Aussteller nutzen Kugeldisplays, um Produkte so zu präsentieren, dass Besucher sie aus jedem Blickwinkel erkunden können.
Wählen Sie einen Halbkugel-Bildschirm, wenn das Publikum hauptsächlich aus einer Richtung auf ihn zukommt und eine effiziente Raumnutzung wichtig ist.
Halbkugel-Displays erzeugen augenfällige visuelle Erlebnisse und fügen sich dabei nahtlos in architektonische Strukturen ein.
Kinos, kulturelle Attraktionen und themenbasierte Erlebniswelten setzen häufig kuppelförmige Displays ein, um die Zuschauer vollständig mit Inhalten zu umgeben.

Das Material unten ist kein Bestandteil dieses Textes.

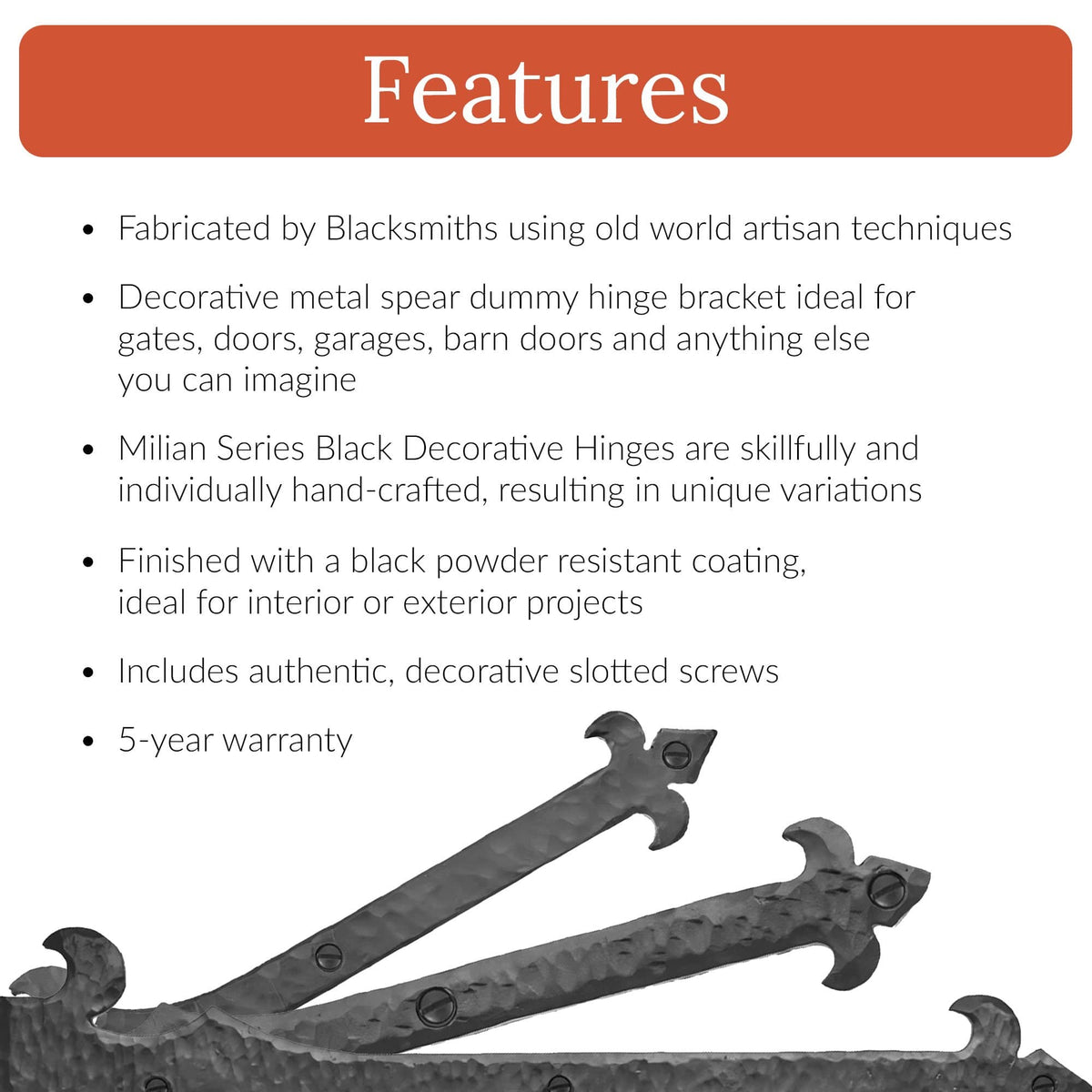 Nouvelle Fluer De Lis Series | Faux Hinge Strap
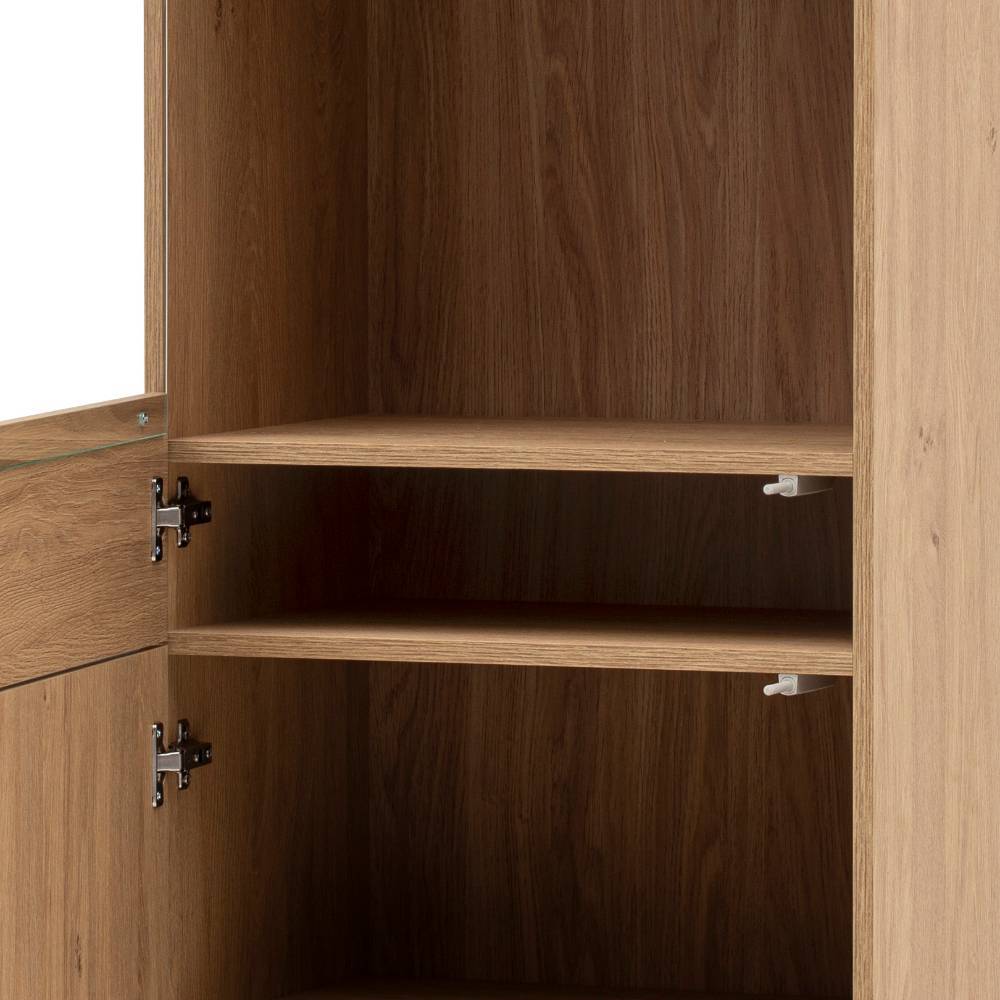 Lowboard und Vitrine Set - Jaskin (zweiteilig)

Unternehmen nutzen Halbkugel-Bildschirme, um wichtige Präsentationen, Produktvorstellungen und Markengeschichten hervorzuheben, ohne wertvollen Platz in der Raummitte einzunehmen.
Kuratoren können Halbkugel-Displays direkt in Ausstellungswände integrieren, sodass digitale Inhalte physische Artefakte ergänzen.
Wenn Ihr Ziel darin besteht, die Sichtbarkeit aus jeder Richtung zu maximieren und eine markante Attraktion zu schaffen, bietet ein LED-Sphärenbildschirm liefert die stärkste visuelle Wirkung.
Wenn Sie jedoch eine kostengünstigere Lösung bevorzugen, Platz sparen müssen oder erwarten, dass sich die Zuschauer ausschließlich aus einer Richtung hinwenden, dann bietet ein LED-Halbkugel-Display häufig die bessere Rentabilität.
Kurz gesagt: Kugeldisplays überzeugen bei der 360-Grad-Zuschaueransprache , während Halbkugeldisplays bei fokussierte, immersive Erzählkunst die beste Wahl hängt von der Raumaufteilung Ihres Veranstaltungsorts, dem Publikumsfluss, den Installationsbedingungen und Ihrem Budget ab.